◆ AIM OF THE EXERCISE ◆
Your answer should hold only the lines from the one containing "4883 Cherokee Rose" through the last line below, copied exactly; pictures stay out.

◆ SOURCE MATERIAL ◆
· · · · · · ·

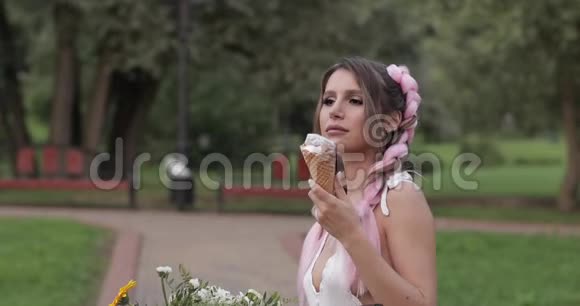 有辫子的漂亮女人在公园里吃冰淇淋视频的预览图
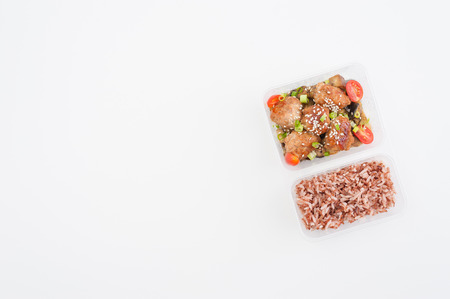 Tsukune (Japanese chicken meatballs) cooked by clean food concept with brown rice in lunch box on white tableの写真素材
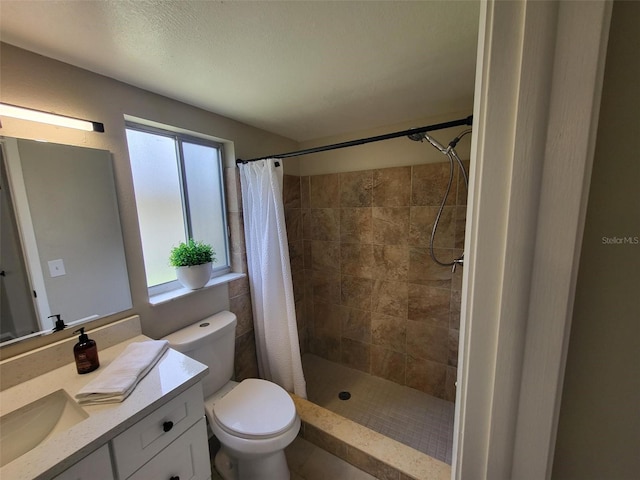 4883 Cherokee Rose Dr, Orlando, FL 32808 - full bathroom featuring vanity, toilet, and a tile shower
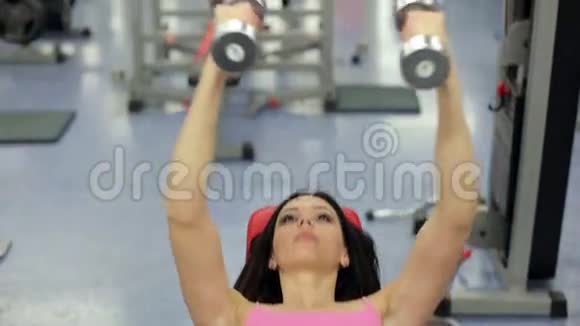 那个年轻的女人在健身房里摇动她的肌肉视频的预览图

· · · · · · ·

◆ EXERCISE RESULT ◆
 4883 Cherokee Rose Dr, Orlando, FL 32808 - full bathroom featuring vanity, toilet, and a tile shower
 那个年轻的女人在健身房里摇动她的肌肉视频的预览图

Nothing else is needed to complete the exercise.